■ DATA EXCERPTS:
★ ★ ★ ★

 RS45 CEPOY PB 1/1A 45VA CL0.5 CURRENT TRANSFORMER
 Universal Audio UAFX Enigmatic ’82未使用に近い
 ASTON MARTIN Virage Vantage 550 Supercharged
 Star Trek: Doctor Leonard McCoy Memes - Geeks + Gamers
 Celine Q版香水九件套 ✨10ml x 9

★ ★ ★ ★

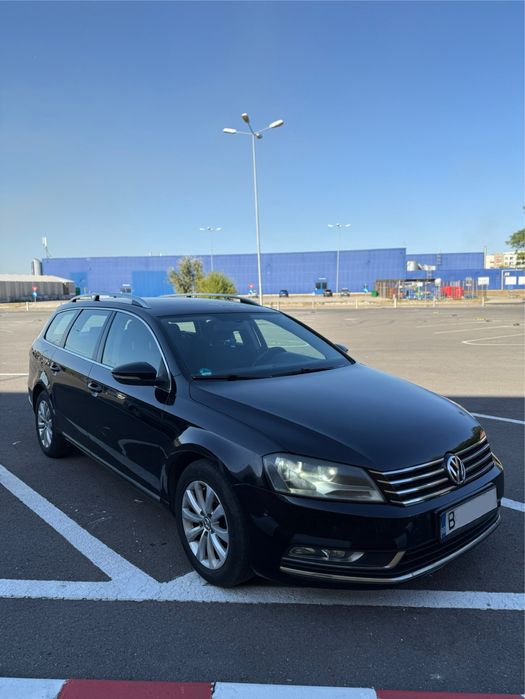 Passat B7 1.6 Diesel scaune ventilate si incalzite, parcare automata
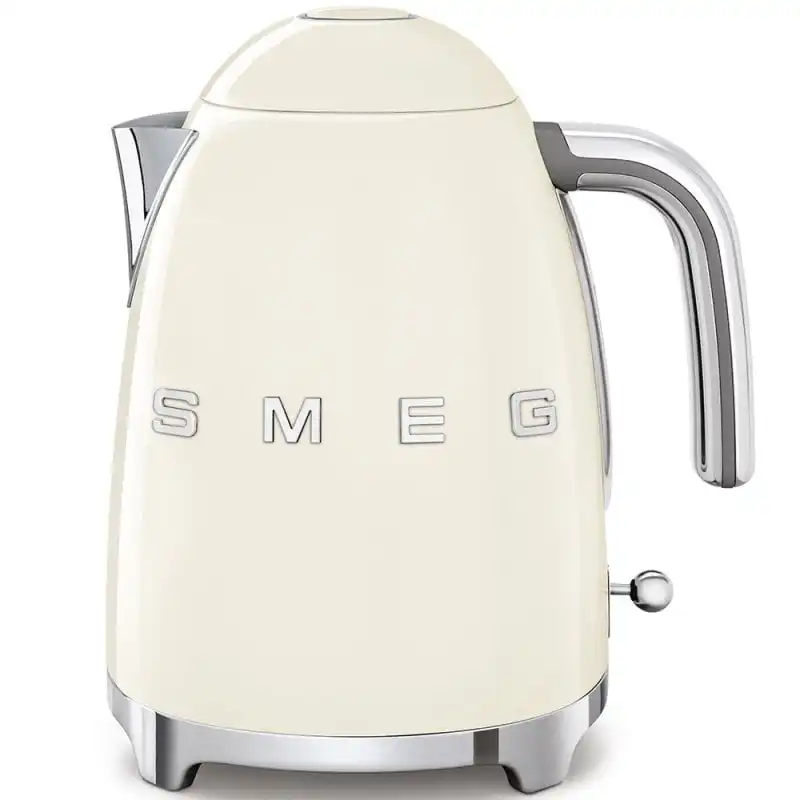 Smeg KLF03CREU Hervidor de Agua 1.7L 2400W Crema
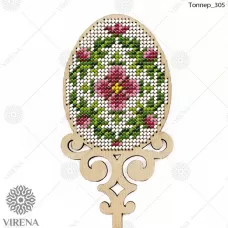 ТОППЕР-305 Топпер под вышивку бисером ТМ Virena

★ ★ ★ ★

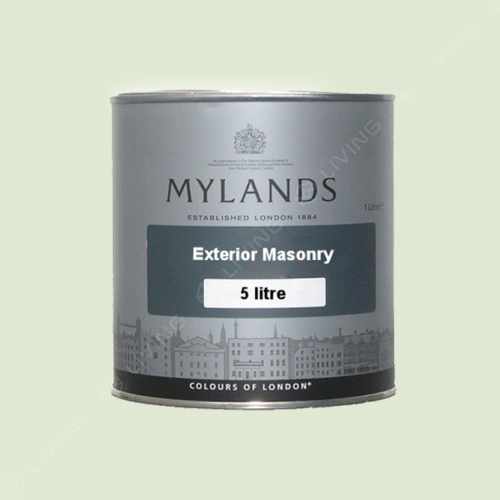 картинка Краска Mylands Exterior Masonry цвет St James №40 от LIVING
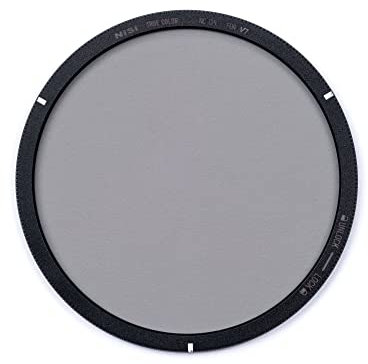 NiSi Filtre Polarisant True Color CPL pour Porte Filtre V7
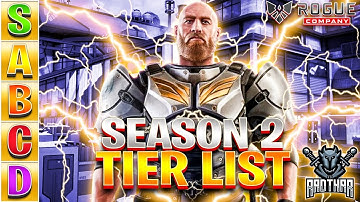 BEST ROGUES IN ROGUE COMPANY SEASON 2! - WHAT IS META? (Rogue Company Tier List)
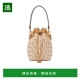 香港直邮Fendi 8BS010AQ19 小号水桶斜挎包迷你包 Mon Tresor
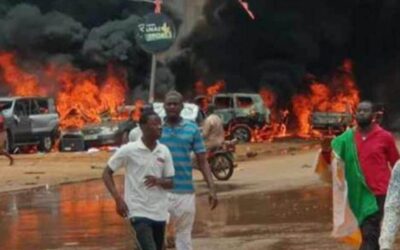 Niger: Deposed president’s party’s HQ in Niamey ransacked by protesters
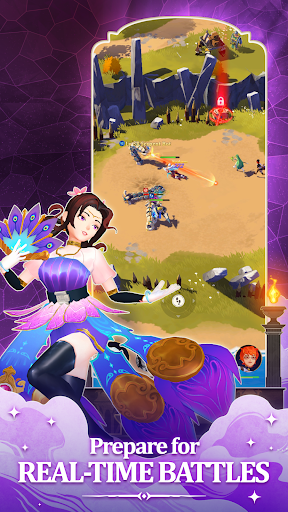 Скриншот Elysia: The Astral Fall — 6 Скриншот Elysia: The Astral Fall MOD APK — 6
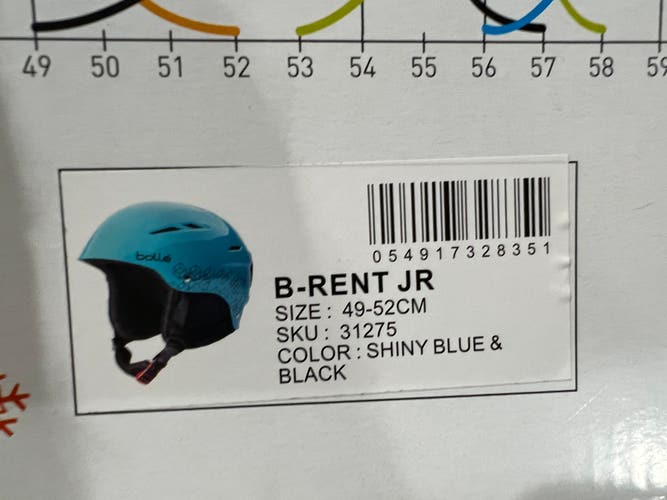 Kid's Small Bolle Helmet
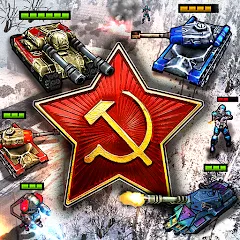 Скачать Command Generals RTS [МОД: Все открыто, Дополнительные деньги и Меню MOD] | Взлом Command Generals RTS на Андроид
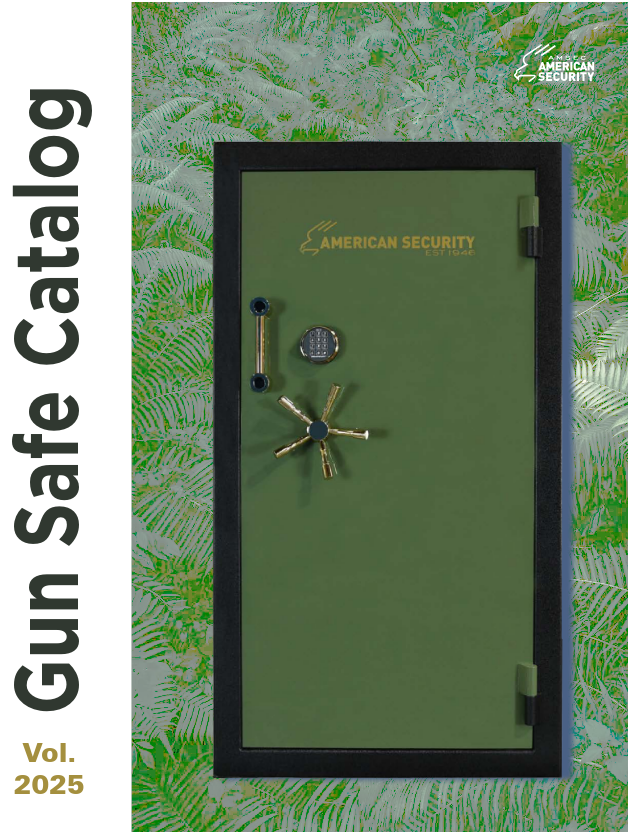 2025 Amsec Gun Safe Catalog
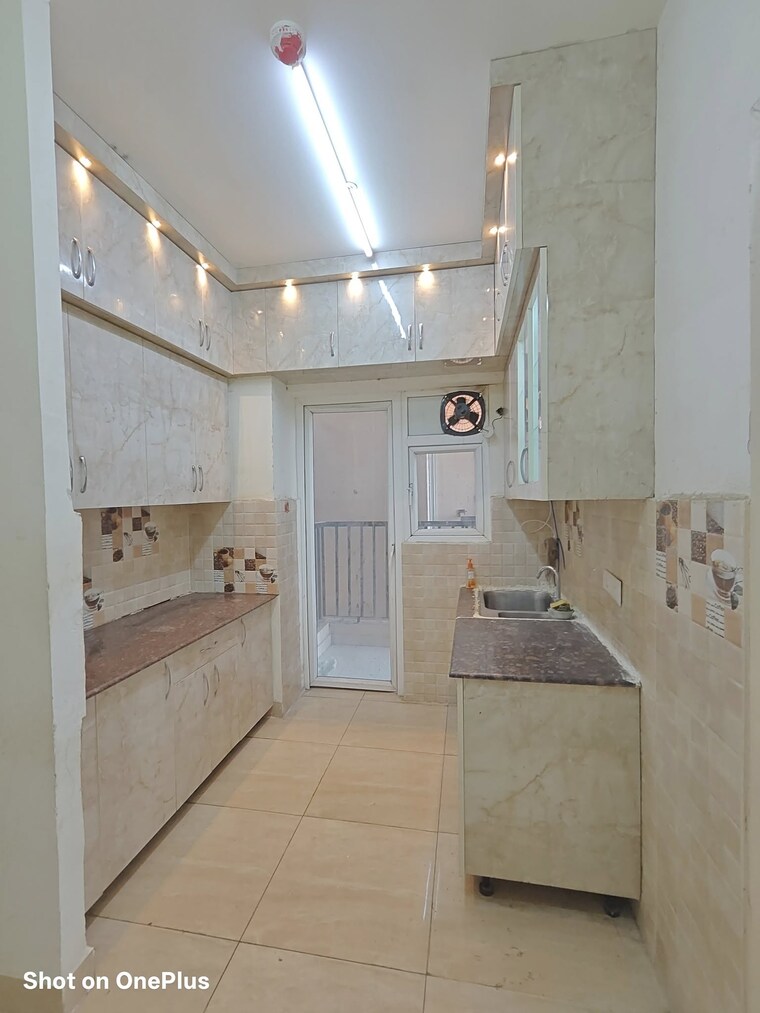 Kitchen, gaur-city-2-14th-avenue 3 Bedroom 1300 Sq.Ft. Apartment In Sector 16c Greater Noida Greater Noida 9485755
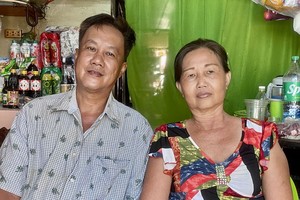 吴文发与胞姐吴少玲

★ ★ ★ ★

■ EXERCISE GOAL: Write back the stretch of lines above that begins with the line holding "Passat B7 1.6" and ends with the line holding "ТОППЕР-305 Топпер под", both included, exactly as written. Pictures stay out.

■ ANSWER TO THE EXERCISE:
 Passat B7 1.6 Diesel scaune ventilate si incalzite, parcare automata
 Smeg KLF03CREU Hervidor de Agua 1.7L 2400W Crema
 ТОППЕР-305 Топпер под вышивку бисером ТМ Virena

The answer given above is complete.